What we have, then, is a situation in which, as a consequence of robots and artificial intelligence, its’s quite possible that many workers will be made redundant, while workers who retain their jobs are going to face lower wages, increased work loads, and longer hours.

There’s nothing inevitable about these effects. It’s not robots and artificial intelligence per se that are going to negatively affect workers. What matters is how the robots and new kinds of software are created and utilized within the current set of economic institutions—as a way of increasing profits and exacerbating inequality.

We can, of course, imagine an entirely different set of effects—ways that robots and artificial intelligence might serve to eliminate onerous tasks and lessen the amount of work we all have to do.

But that’s going to require fundamentally changing the existing set of economic institutions. That, and not robots and artificial intelligence, is the real challenge facing us.

  1. February 16, 2016 at 4:00 pm

    Here’s another kind of robot, it pays the rent for people. I was once a young university trained economist. Where did I spend my research time? One early subject was the house that pays the people to live in itself.

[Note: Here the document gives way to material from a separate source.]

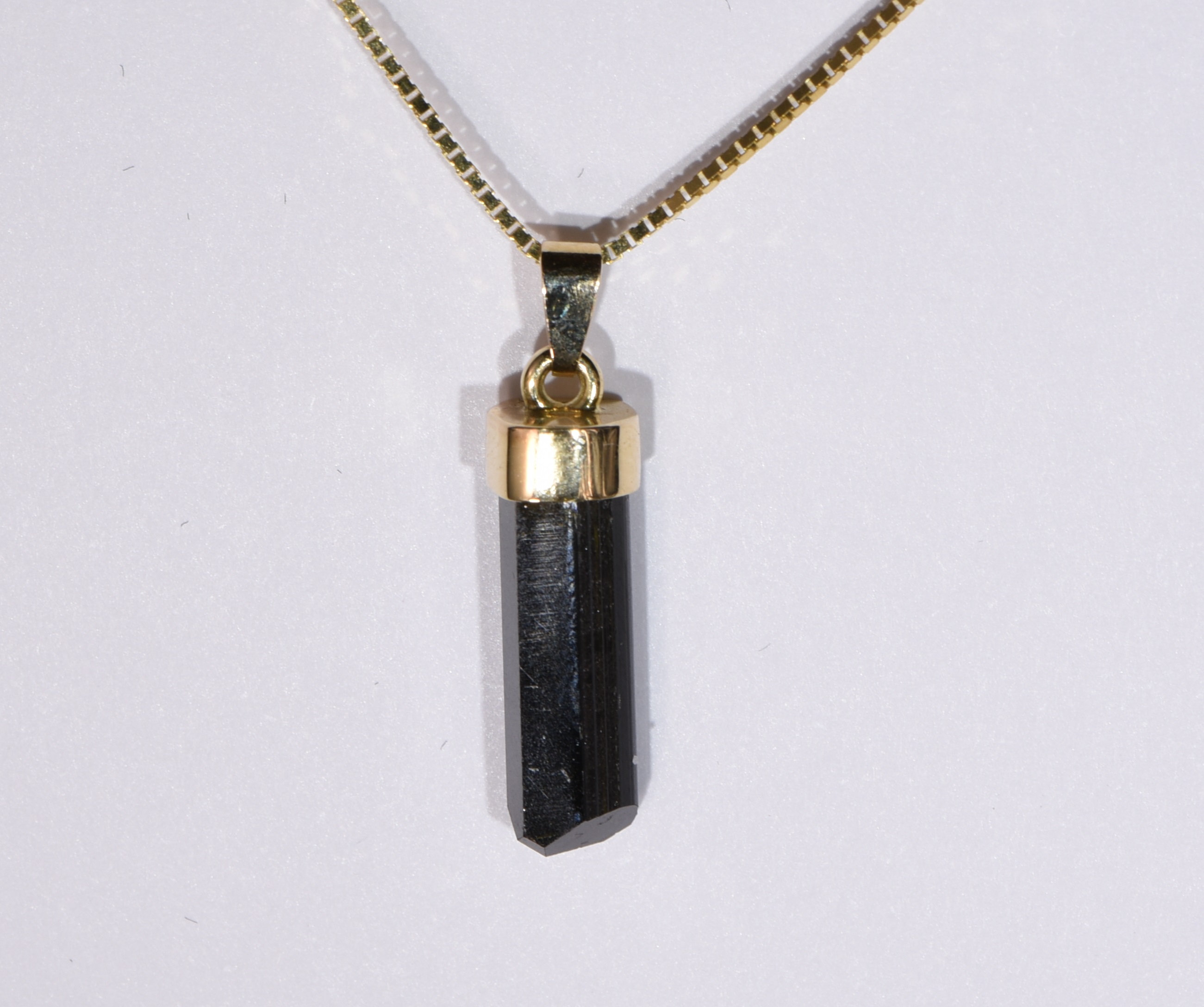 Epidotanhänger mit Goldkappe Epidotanhänger mit Goldkappe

    What kind of economy is it when cheap, passive robots house people for free?

  2. February 16, 2016 at 4:50 pm

    Again with the damned robots? What will humans do? What will economists say?

    http://econospeak.blogspot.ca/2016/02/what-will-humans-do.html

  3. Rhonda Kovac
    February 16, 2016 at 5:40 pm

    The issue is the ownership of wealth. The fruits of these technological advances are owned, essentially in perpetuity, by the corporate and investor elite. There’s nothing wrong with those who create new technologies being compensated for their contributions. But very quickly thereafter the beneifts generated need to belong to the public at large.

    It’s not only that such an arrangement is fair. It’s also that without this principle there is no way to prevent any of a number of advancements and structural changes in economies from disproportionately benefiting the rich while punishing the rest of us.

    • February 16, 2016 at 8:08 pm

      “The issue is the ownership of wealth.” Yes indeed. And “ownership” is a status conferred by the State and legitimated by contradictory natural law and utilitarian arguments.

  4. February 16, 2016 at 7:52 pm

    You know the monthly pay of a Marine Lance Corporal? It’s $1,950/month, even after 40 years of service. I choose Lance Corporals because they are the lowest rung on the Marine leadership ladder. Their job is almost unbelievably stressful, requires courage and creativity on and off the battle field, and can obviously get them killed. The average hedge fund employee’s (not senior management) salary is about $35,000/month. I see a big problem here. So robots coming or not is not the issue. The issue is how we choose to organize our economic actions. Or more accurately how we are told these ought to be, must be organized. It’s not the “robot” problem we need to address. It’s the way our economic actions are arranged that we need to look to. Right now justice, fairness, and human limitations play little part in those arrangements. We need to put them in. After that any robot problems that threaten become solvable.